Karen Sparck-Jones: ACL Award Winner!

The ACL Lifetime Achievement Award

The ACL Lifetime Achievement Award was instituted on the occasion of the 40th anniversary meeting of the Association. The award will henceforth be presented for scientific achievement, of both theoretical and applied nature, in the field of Computational Linguistics. The executive committee of the ACL will nominate and select at most one award recipient annually at its winter meeting, considering the originality, depth, breadth and impact of the entire body of the nominees' work in computational linguistics. The award is a crystal trophy, and the recipient is invited to give a 45-minute speech on his or her views on the development of Computational Linguistics at the annual meeting. The speech is introduced by the announcement of the award, which is confidential until then.

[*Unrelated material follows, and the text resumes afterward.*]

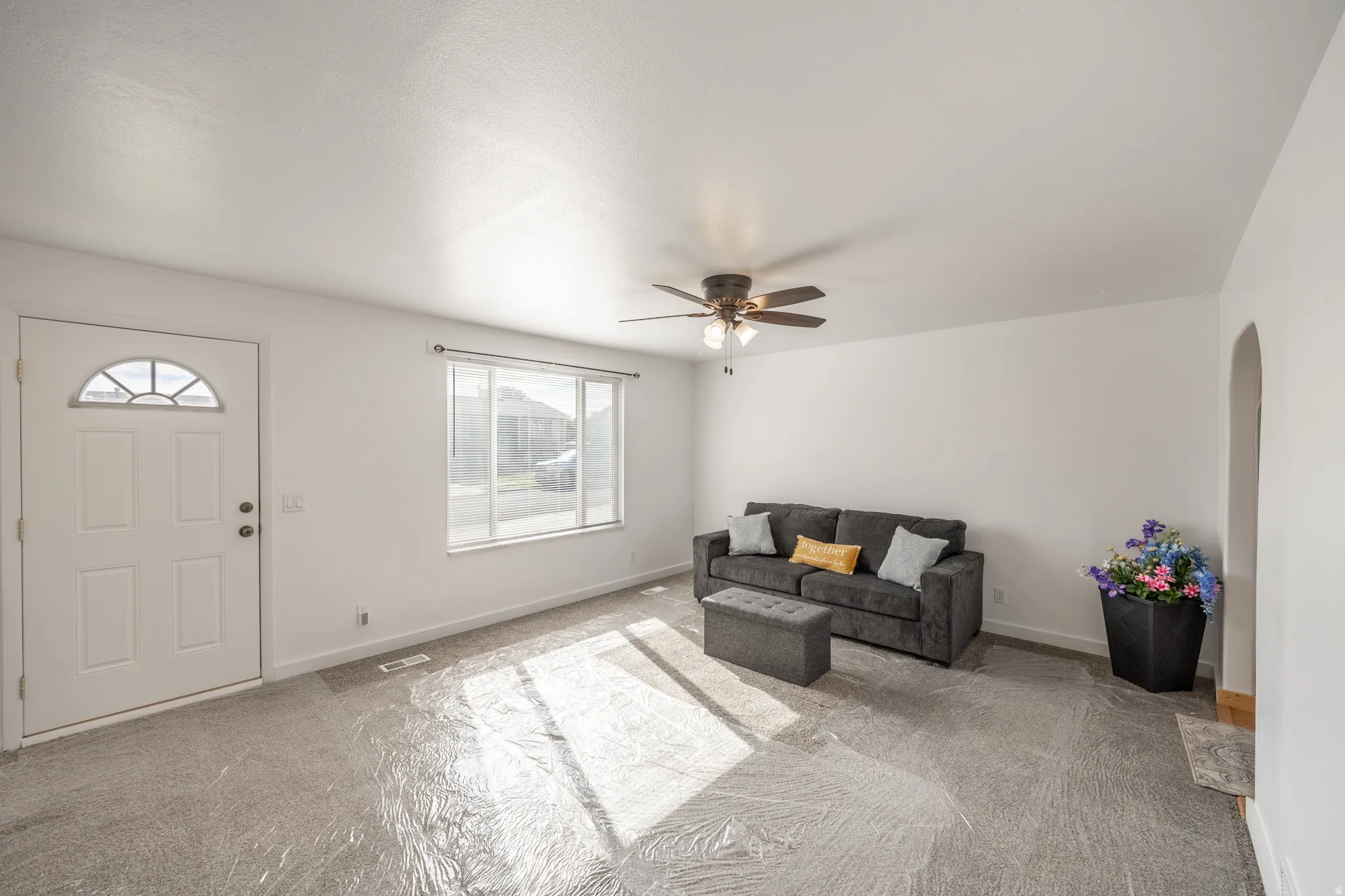 White painted walls, light-toned carpet, ceiling fan, arched doorway, and a window with blinds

The Recipient of the 2004 ACL Lifetime Achievement Award

The Association for Computational Linguistics is proud to present its 2004 Lifetime Achievement Award to Karen Sparck-Jones, Professor of Computers and Information (emeritus) at Cambridge University. The award was presented at the 42nd meeting of the ACL on July 23, 2004.

A Brief Laudatio

Karen Sparck Jones has worked in automatic language and information processing research since the late 1950s. She is a Fellow of the British Academy, a AAAI Fellow and ECCAI Fellow, and she was President of the Association for Computaional Linguistics in 1994. She has been a member of the DARPA/NIST Text Retrieval Conferences Programme Committee since 1994, and is involved with several other US evaluation programmes.

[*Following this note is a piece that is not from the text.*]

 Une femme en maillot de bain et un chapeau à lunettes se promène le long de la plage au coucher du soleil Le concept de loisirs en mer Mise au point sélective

Her work in the last decade has been on document retrieval including speech applications, database query, user and agent modelling, automatic summarisation, and information and language system evaluation. She has had funded projects on Automatic Summarising, Belief Revision for Information Retrieval, Video Mail Retrieval, and Multimedia Document Retrieval.

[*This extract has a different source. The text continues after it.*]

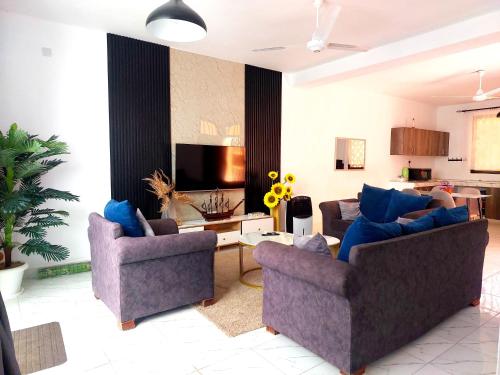 a living room with two couches and a tv at Jamiitown Homes in Kilifi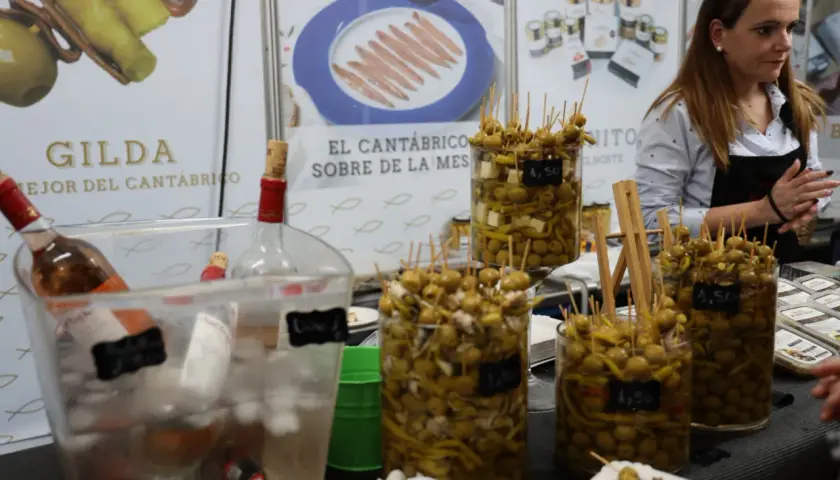 En la feria de la anchoa en Santoña, se exhiben gildas y aceitunas marinadas. Botellas de vino esperan ser servidas.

Karen Sparck Jones' received her PhD from Cambridge in 1964. And her thesis, entitled Synonymy and Semantic Classification, so I?m told, has had an interesting and unusual history. When she completed it in 1964, it was reproduced only in the simple mimeo book form then used by the Cambridge Language Research Unit where she worked. It was finally published in 1986, in an Edinburgh University Press series. And while I was doing my research for this introduction, several of my sources told me that even this late publication managed to be ahead of a great deal of later work that recapitulates aspects of it, usually from ignorance of its existence. There is no doubt that Karen?s thesis was developing statistical and symbolic techniques for the use of what we now call language resources twenty or thirty years ahead of its time.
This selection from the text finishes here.